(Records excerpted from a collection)
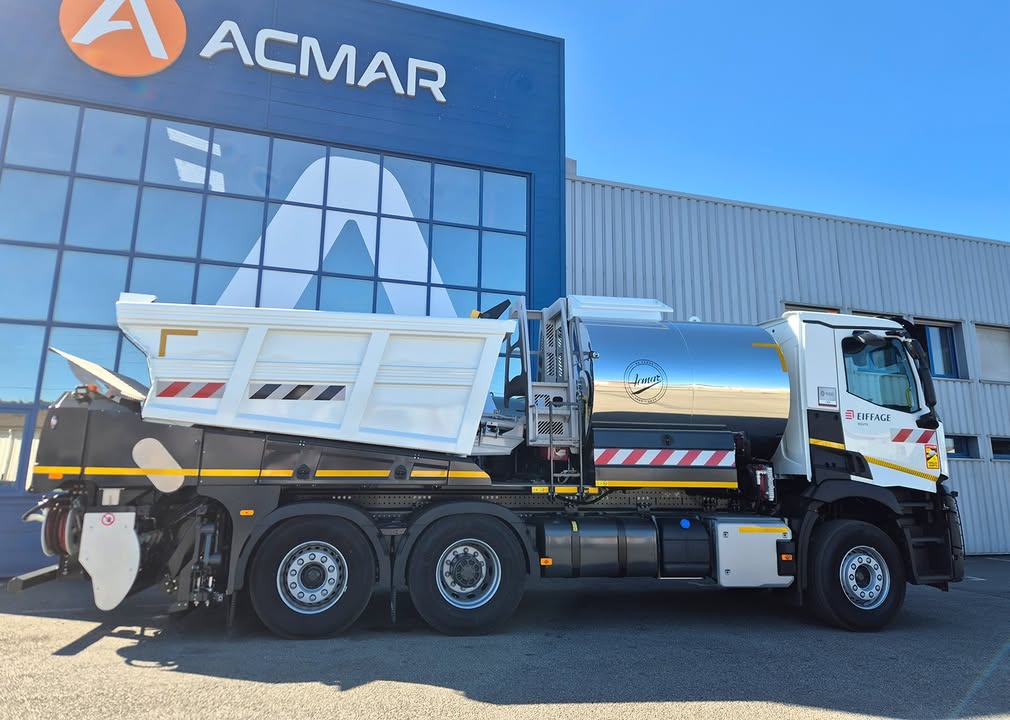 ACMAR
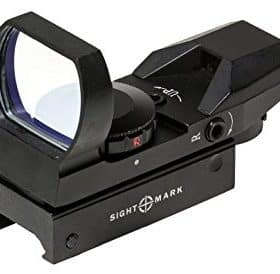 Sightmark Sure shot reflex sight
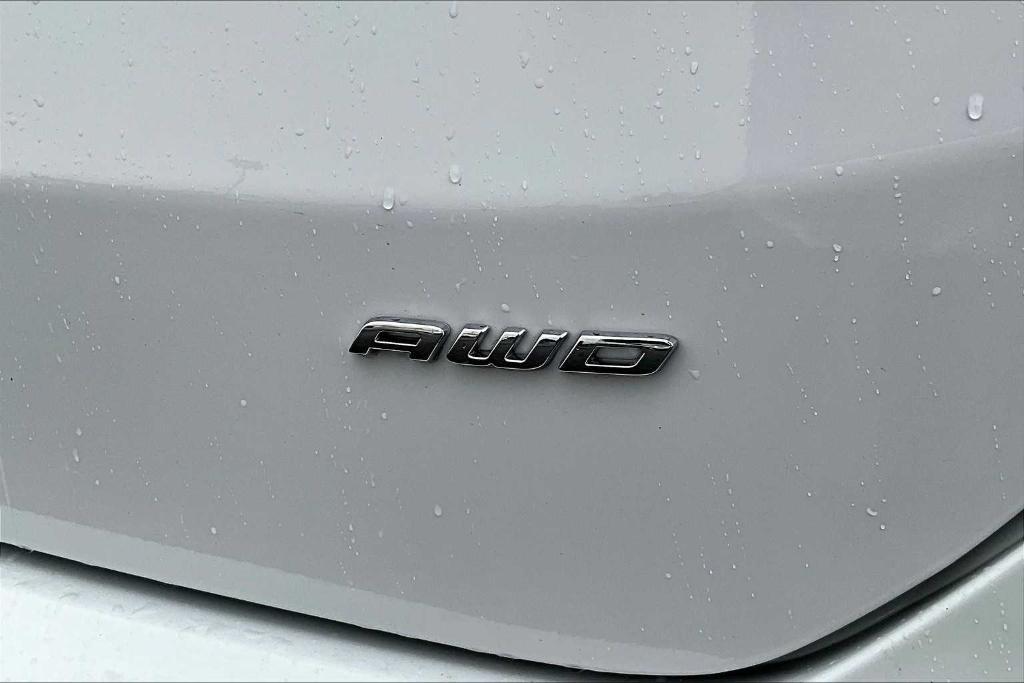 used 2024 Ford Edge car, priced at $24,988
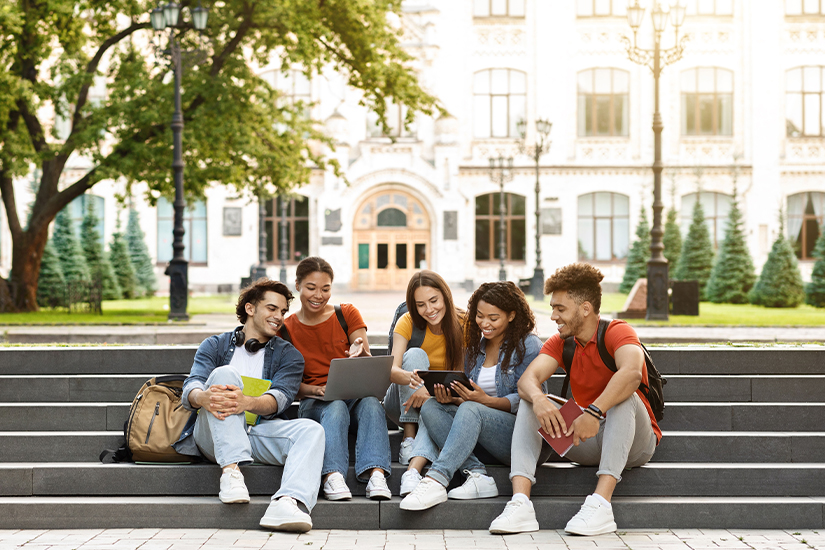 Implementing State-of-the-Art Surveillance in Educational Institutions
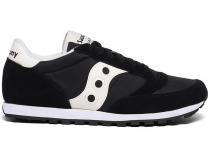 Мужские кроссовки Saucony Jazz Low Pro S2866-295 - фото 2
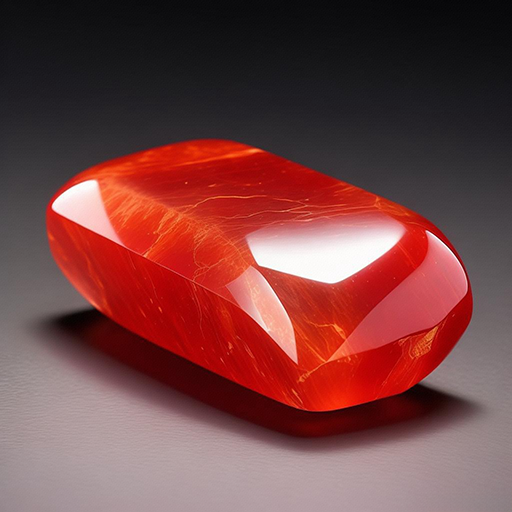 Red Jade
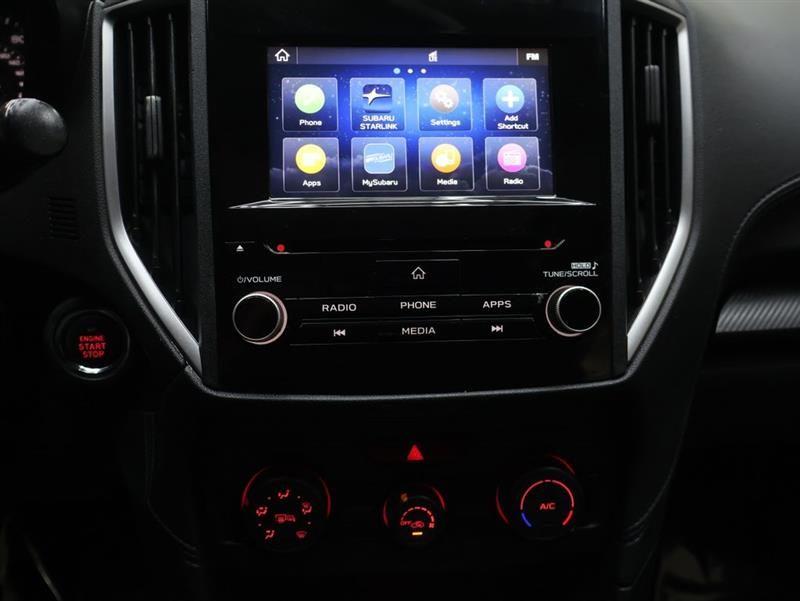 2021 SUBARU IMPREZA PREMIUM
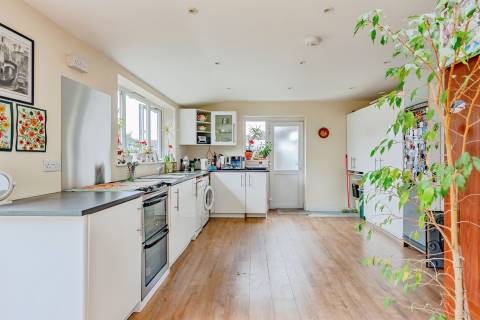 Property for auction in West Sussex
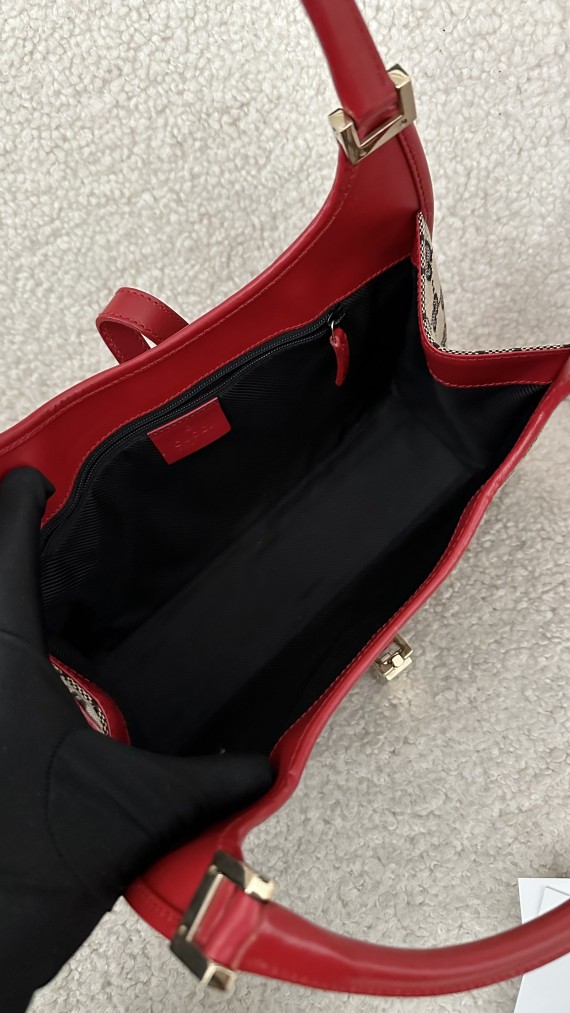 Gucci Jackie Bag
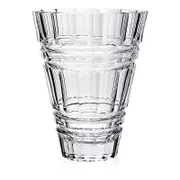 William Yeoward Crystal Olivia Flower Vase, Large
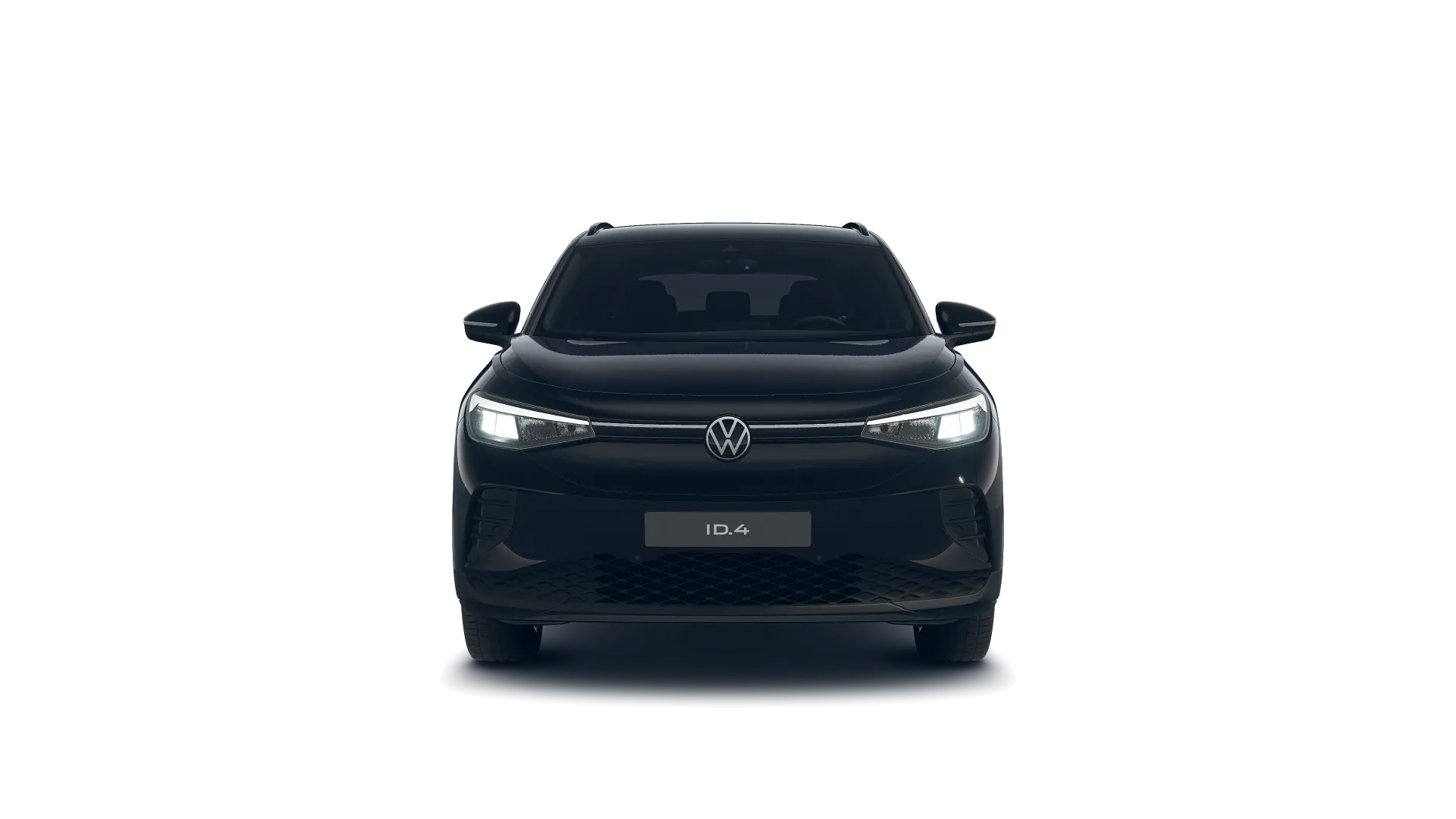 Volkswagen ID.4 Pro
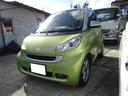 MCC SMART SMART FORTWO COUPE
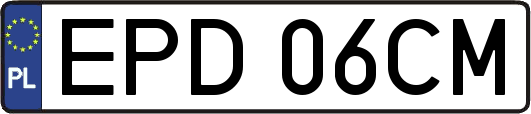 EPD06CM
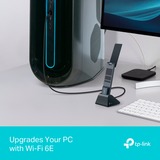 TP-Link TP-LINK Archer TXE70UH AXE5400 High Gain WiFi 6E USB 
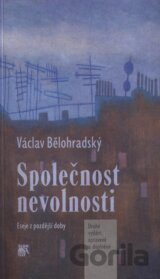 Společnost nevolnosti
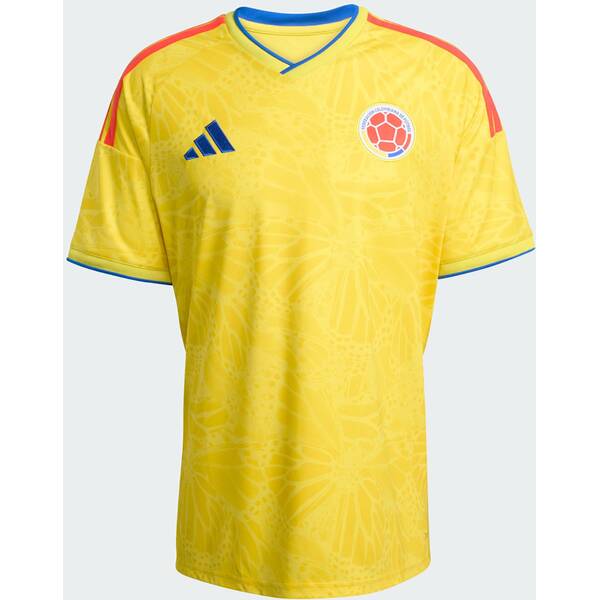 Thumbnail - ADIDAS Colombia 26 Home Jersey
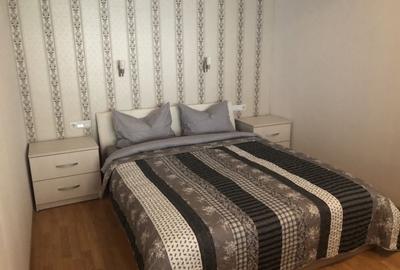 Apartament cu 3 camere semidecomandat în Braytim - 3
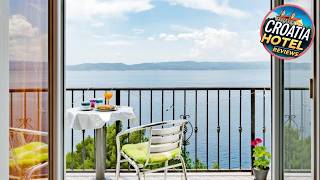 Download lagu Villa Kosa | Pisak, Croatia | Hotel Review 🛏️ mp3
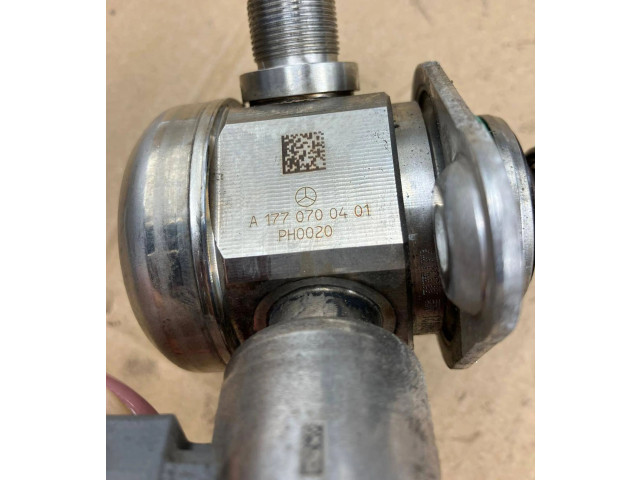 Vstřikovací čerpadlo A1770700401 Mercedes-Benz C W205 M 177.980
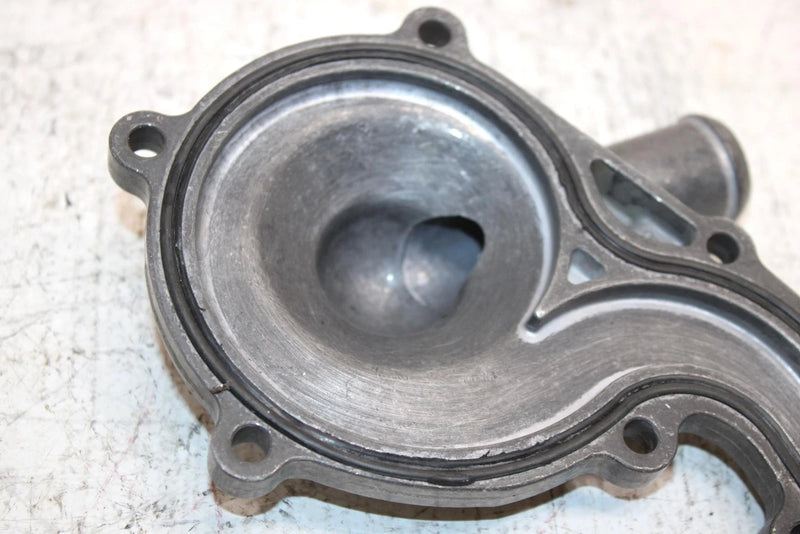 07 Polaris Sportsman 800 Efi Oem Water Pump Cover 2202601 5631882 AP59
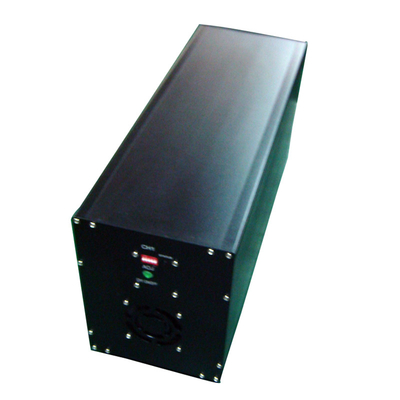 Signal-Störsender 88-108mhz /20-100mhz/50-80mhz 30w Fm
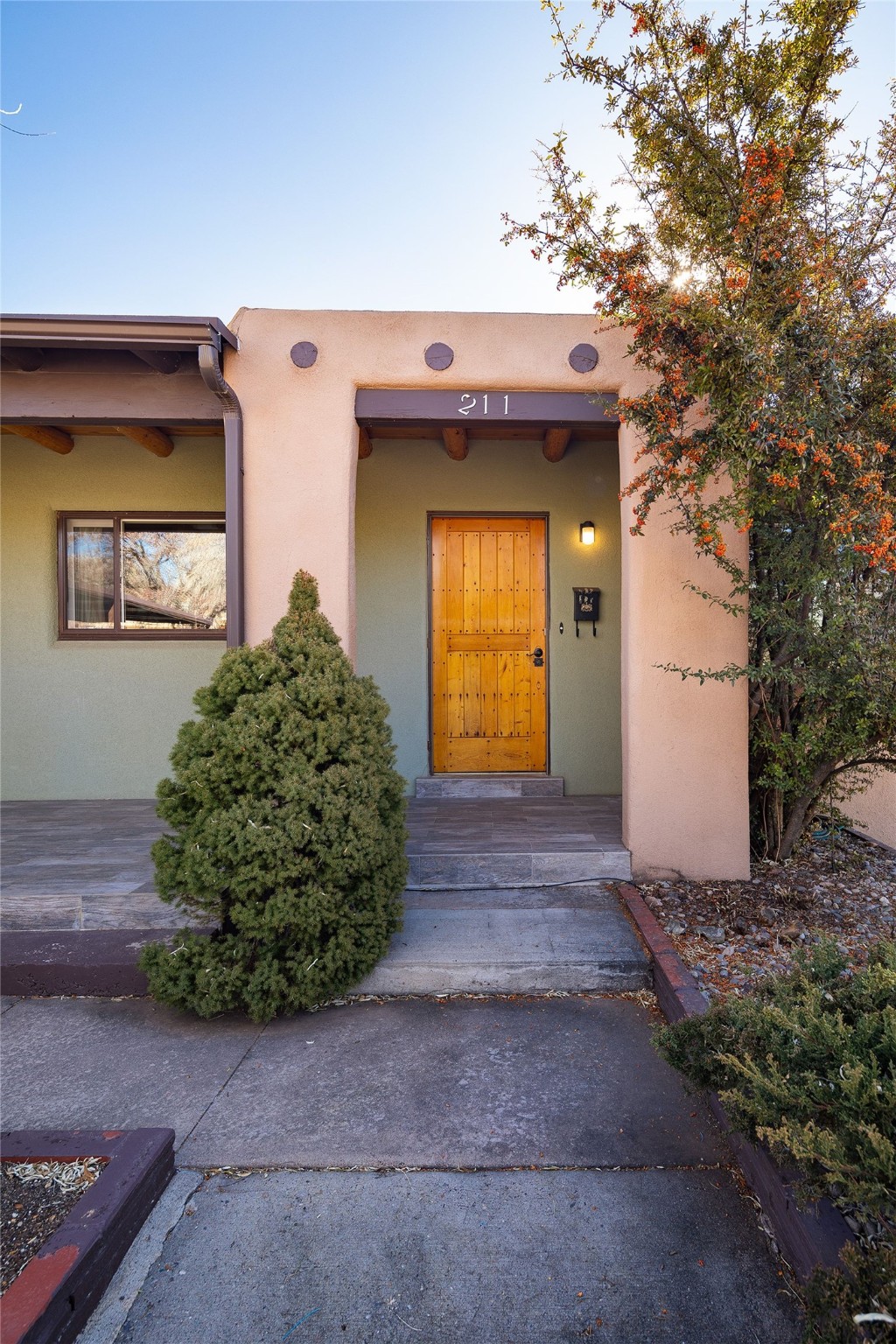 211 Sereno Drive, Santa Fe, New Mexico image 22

## About this task
Nothing but the lines from the one containing "Apartament cu 3" through the end of the entries should be written out, exactly and without pictures.

## Task output
 Apartament cu 3 camere semidecomandat în Braytim - 3
 Download lagu Villa Kosa | Pisak, Croatia | Hotel Review 🛏️ mp3
 Vstřikovací čerpadlo A1770700401 Mercedes-Benz C W205 M 177.980
 07 Polaris Sportsman 800 Efi Oem Water Pump Cover 2202601 5631882 AP59
 Signal-Störsender 88-108mhz /20-100mhz/50-80mhz 30w Fm
 211 Sereno Drive, Santa Fe, New Mexico image 22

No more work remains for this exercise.